Zs are a trio of free improvisers from Brooklyn, hellbent on creating tense performances whenever they set up. That must be the case when the label uses words like "juggernaut" and phrases like "music that challenges the physical and mental limitations of both performer and listener" to describe the band. And Northern Spy is a label for some reason I trust not to use hyperbole like that loosely. After a dozen years, if Zs hasn't opted to trade in all that free squonk for funk riffs, the description probably fits.
33 comes in the form of a double seven-inch set, packaged in a silk-screened fold-out sheath. Each side contains what sounds like a snippet of a larger improvised performance, each lasting between three and four minutes before abruptly stopping. No balls-to-the-wall noisefest, these pieces focus mainly on drummer Ian Antonio, who plays around on the toms of his kit, creating a dense thunder. On vinyl, this is the kind of sound that could overload your stylus, much like PiL's Metal Box did years ago. Listening to it on CD while driving around (yes, I received a download, which is understandable considering the limited edition status), it felt like the something might be rattling somewhere underneath the car. Turns out it was Antonio, or some post-production reverb effect on his kit.

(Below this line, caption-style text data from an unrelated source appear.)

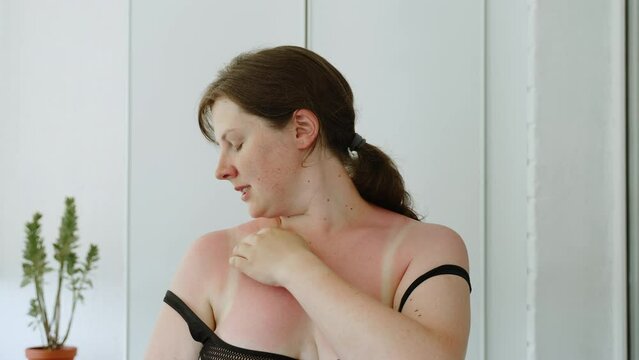 Young overweight woman without make-up touches sunburns on naked neckline with hand. Person is standing with lowered straps of black bra, examining burnt, reddened skin on shoulders.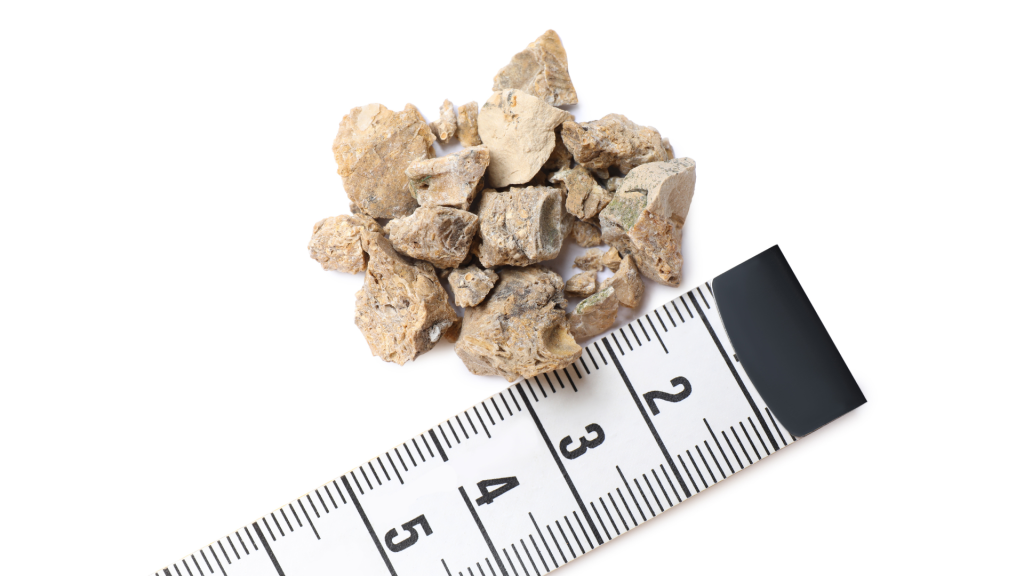 Proses Terbentuknya Batu Ginjal dan Cara Menghancurkannya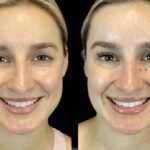 A Guide to Skin Rejuvenation Services at the Best Aesthetic Clinic in Dubai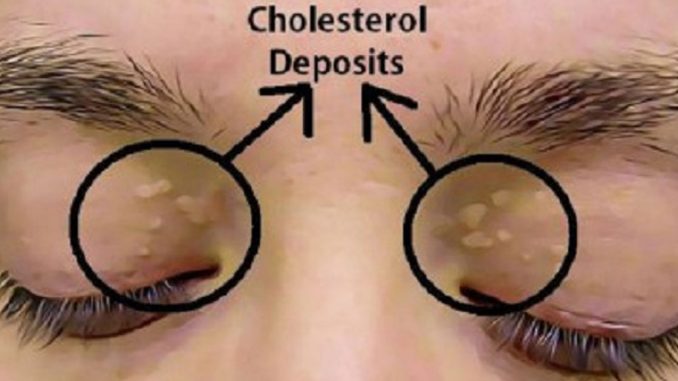 How to Remove the Cholesterol Deposits Around Your Eyes
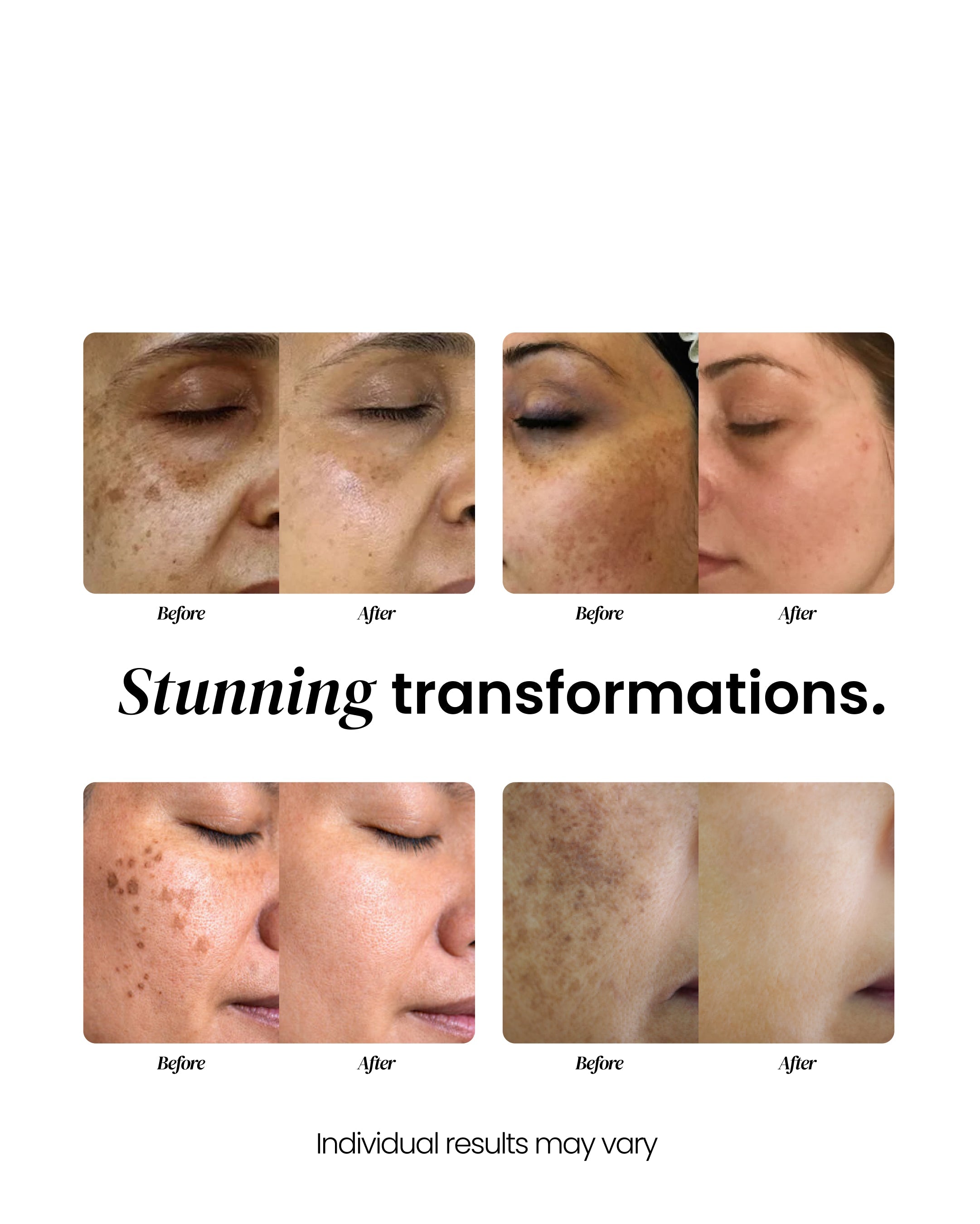 Dark Spot Corrector (OCU)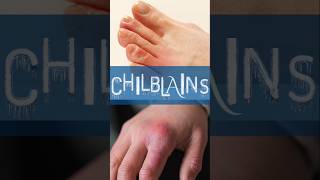 How to avoid Chilblains shorts [upl. by Corell347]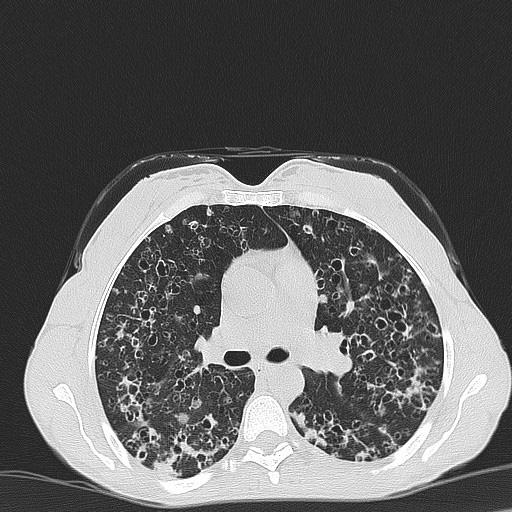 Posteroanterior akciğer grafisinde bilateral kostodiafragmatik sinüsler korunmuş, her iki akciğerde retikülonodüler opasite artışı mevcuttu (Resim 1). Yapılan solunum fonksiyon testinde (SFT) 1.
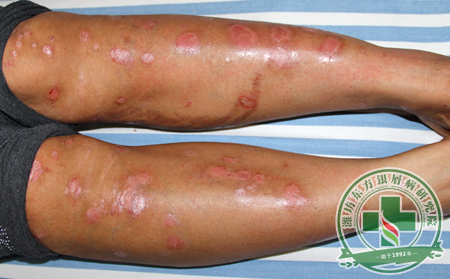 濰坊銀屑病醫院醫生詳解關節病型銀屑病病因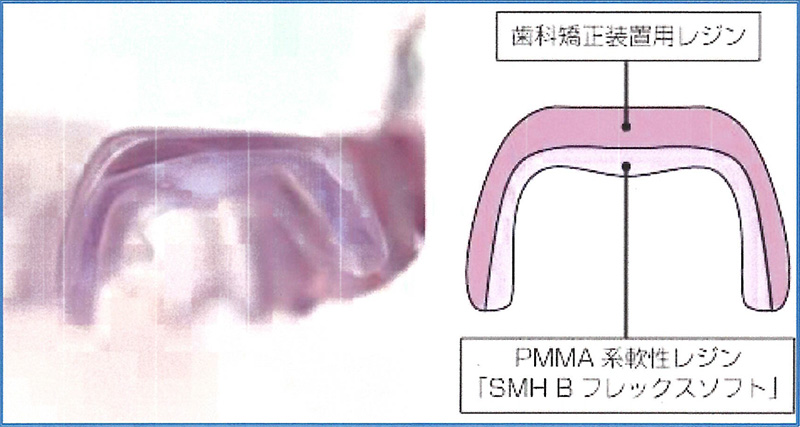 二層構造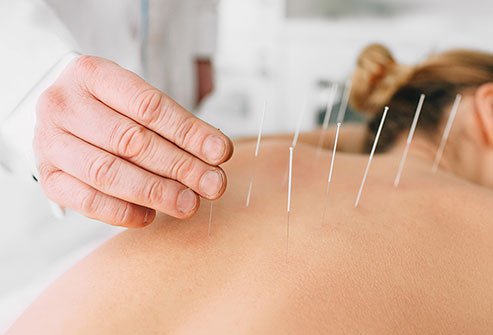 Acupuncture involves the use of small, thin needles that pierce the skin at specific acupuncture points. Acupuncture for pain relief is an alternative to over-the-counter medicines and addictive opioids.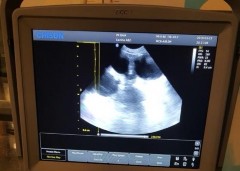 MỘT SỐ HÌNH ẢNH TRONG QUÁ TRÌNH TRIỂN KHAI ĐỀ TÀI Triệu chứng viêm tử cung 4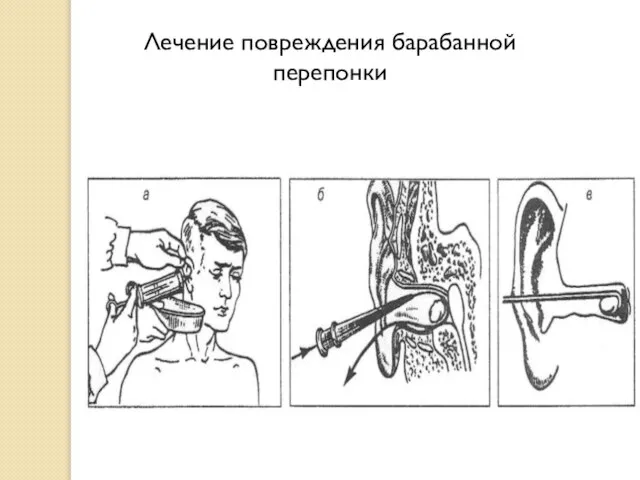 Лечение повреждения барабанной перепонки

All four tracks bear the release's title, followed by an extra character. On "33-" the toms are joined by Ben Greenberg's guitar skronk and some pensive tenor sax work from Sam Hillmer, who also has some echo/delay on his horn. The overall impact sounds like a sonic ripple effect. In "33/" Antonio could simply be testing the sound of his toms, as Greenberg plays some short, pensive two-note lines that hang in the air. Hillmer hangs back, adds some low rumbles. As random as these elements sound, a connection can be felt between them, due in part probably to the limited space of the track.
Things get a bit louder on "33~" with more rim clatter coming from Antonio, and Greenberg's tone resembling a gargling surf guitar. Hillmer recreates feedback on his horn, building to a small climax before dropping out and lettings his mates take it down in the last 30 seconds. "33\" has some phantom instruments bobbing in the mix. Hillner is blowing some un-tenor sounding noises, but it also sounds like a phantom baritone sax has wandered into the room. Initially the piece sounds like Zs are ready to kick up some dust, but things just amble along until - snip, it's over.
Having previewed these tracks together on disc, I was able to develop more of a complete feeling for the set. One piece lead into another, making it more of a four-part thing, and a touch more interesting. At the same time, hearing them on vinyl, where the fidelity is open up to different factors, might result in a completely different appreciation. And guys, if they're so short, why not master them at 45? Was that the idea?
I usually don't like asking questions in a review. Then again I usually don't like being so first-person either, but Zs can bring that out in a guy, methinks. Northern Spy - who has also just released albums by Charles Gayle and Chicago Underground Duo - has plans to release a retrospective Zs boxset, as well as solo releases by these guys. The idea sounds both intriguing and foreboding.